Comparison of Unicode encodings

Last updated

This article compares Unicode encodings. Two situations are considered: 8-bit-clean environments (which can be assumed), and environments that forbid use of byte values that have the high bit set. Originally such prohibitions were to allow for links that used only seven data bits, but they remain in some standards and so some standard-conforming software must generate messages that comply with the restrictions. Standard Compression Scheme for Unicode and Binary Ordered Compression for Unicode are excluded from the comparison tables because it is difficult to simply quantify their size.

Contents

Compatibility issues

A UTF-8 file that contains only ASCII characters is identical to an ASCII file. Legacy programs can generally handle UTF-8 encoded files, even if they contain non-ASCII characters. For instance, the C printf function can print a UTF-8 string, as it only looks for the ASCII '%' character to define a formatting string, and prints all other bytes unchanged, thus non-ASCII characters will be output unchanged.

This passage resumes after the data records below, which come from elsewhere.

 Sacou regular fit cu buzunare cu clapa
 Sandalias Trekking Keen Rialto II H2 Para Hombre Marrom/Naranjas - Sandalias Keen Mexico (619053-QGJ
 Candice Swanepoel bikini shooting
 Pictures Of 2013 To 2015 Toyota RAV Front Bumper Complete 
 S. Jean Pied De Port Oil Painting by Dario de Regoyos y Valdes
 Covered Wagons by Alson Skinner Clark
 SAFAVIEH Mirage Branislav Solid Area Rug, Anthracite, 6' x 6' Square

UTF-16 and UTF-32 are incompatible with ASCII files, and thus require Unicode-aware programs to display, print and manipulate them, even if the file is known to contain only characters in the ASCII subset. Because they contain many zero bytes, the strings cannot be manipulated by normal null-terminated string handling for even simple operations such as copy. [lower-alpha 1]

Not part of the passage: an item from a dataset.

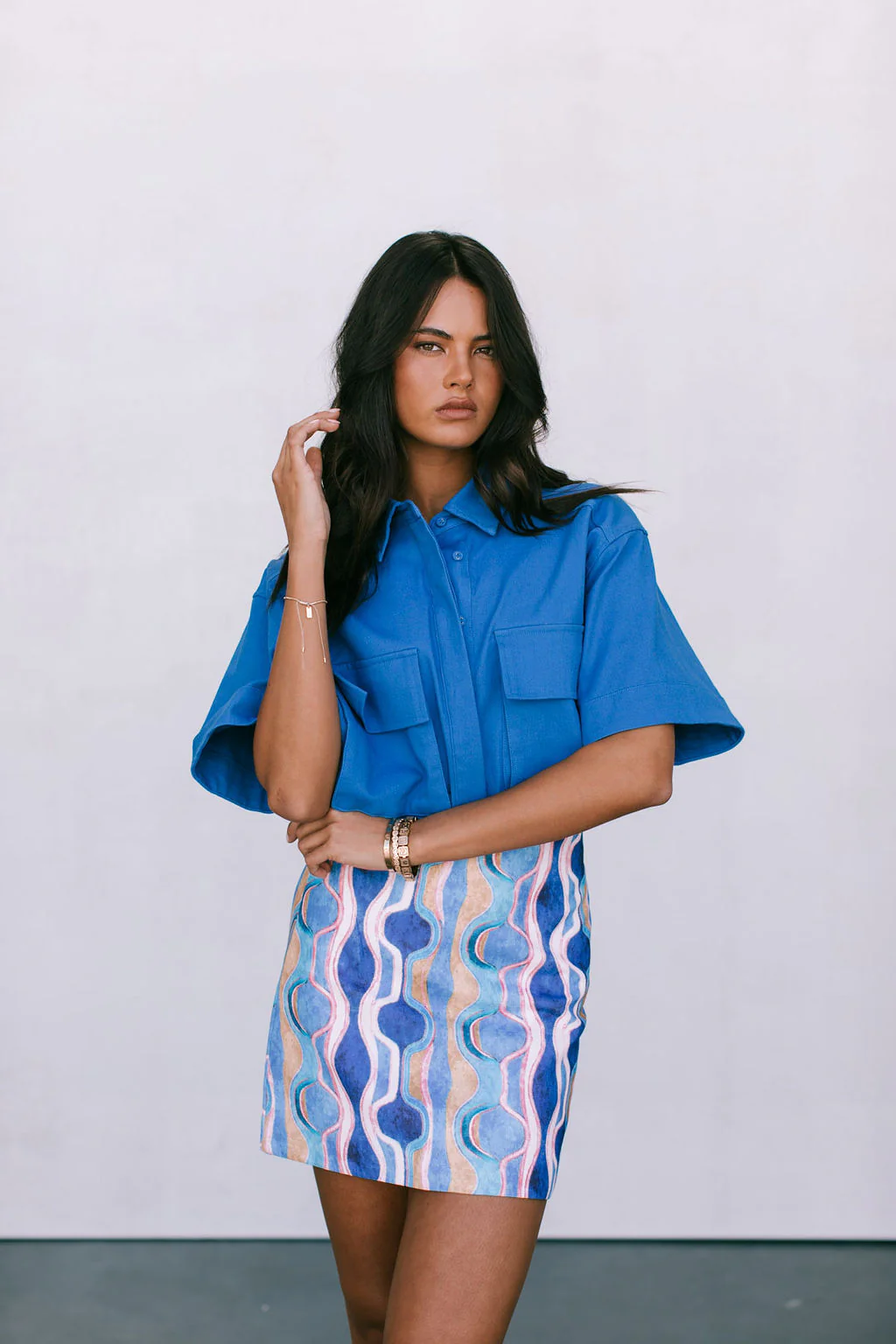 Rhodes Skirt Greece Print - Image 14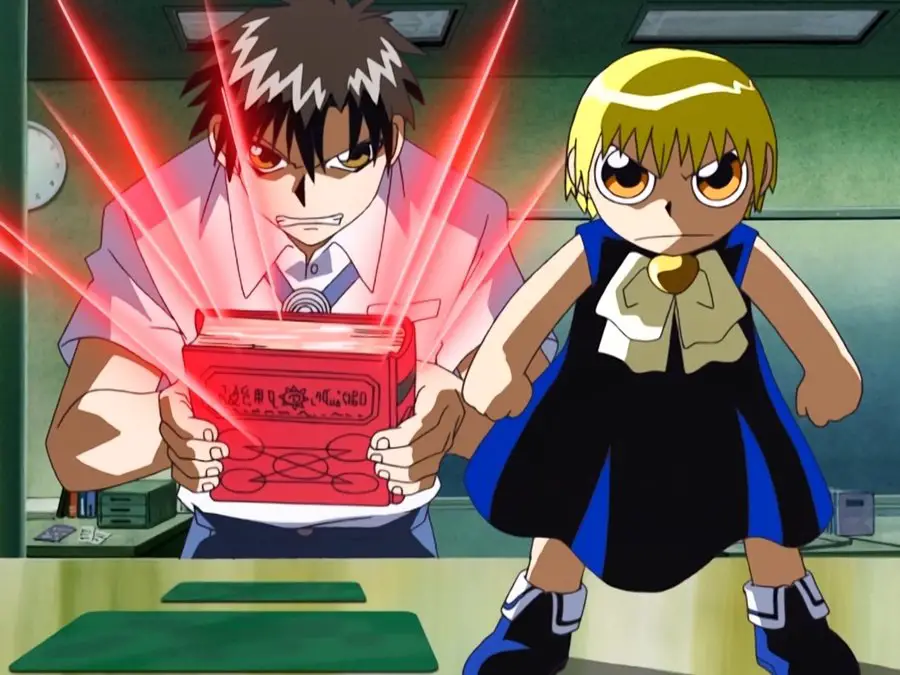 swords and magic school anime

Therefore, even on most UTF-16 systems such as Windows and Java, UTF-16 text files are not common; older 8-bit encodings such as ASCII or ISO-8859-1 are still used, forgoing Unicode support; or UTF-8 is used for Unicode. One rare counter-example is the "strings" file used by macOS (Mac OS X 10.3 Panther and later) applications for lookup of internationalized versions of messages which defaults to UTF-16, with "files encoded using UTF-8 ... not guaranteed to work." [1]

XML is, by convention, encoded as UTF-8, and all XML processors must at least support UTF-8 (including US-ASCII by definition) and UTF-16. [2]

Efficiency

UTF-8 requires 8, 16, 24 or 32 bits (one to four bytes) to encode a Unicode character, UTF-16 requires either 16 or 32 bits to encode a character, and UTF-32 always requires 32 bits to encode a character. The first 128 Unicode code points, U+0000 to U+007F, used for the C0 Controls and Basic Latin characters and which correspond one-to-one to their ASCII-code equivalents, are encoded using 8 bits in UTF-8, 16 bits in UTF-16, and 32 bits in UTF-32.

The next 1,920 characters, U+0080 to U+07FF (encompassing the remainder of almost all Latin-script alphabets, and also Greek, Cyrillic, Coptic, Armenian, Hebrew, Arabic, Syriac, Tāna and N'Ko), require 16 bits to encode in both UTF-8 and UTF-16, and 32 bits in UTF-32. For U+0800 to U+FFFF, i.e. the remainder of the characters in the Basic Multilingual Plane (BMP, plane 0, U+0000 to U+FFFF), which encompasses the rest of the characters of most of the world's living languages, UTF-8 needs 24 bits to encode a character, while UTF-16 needs 16 bits and UTF-32 needs 32. Code points U+010000 to U+10FFFF, which represent characters in the supplementary planes (planes 1–16), require 32 bits in UTF-8, UTF-16 and UTF-32.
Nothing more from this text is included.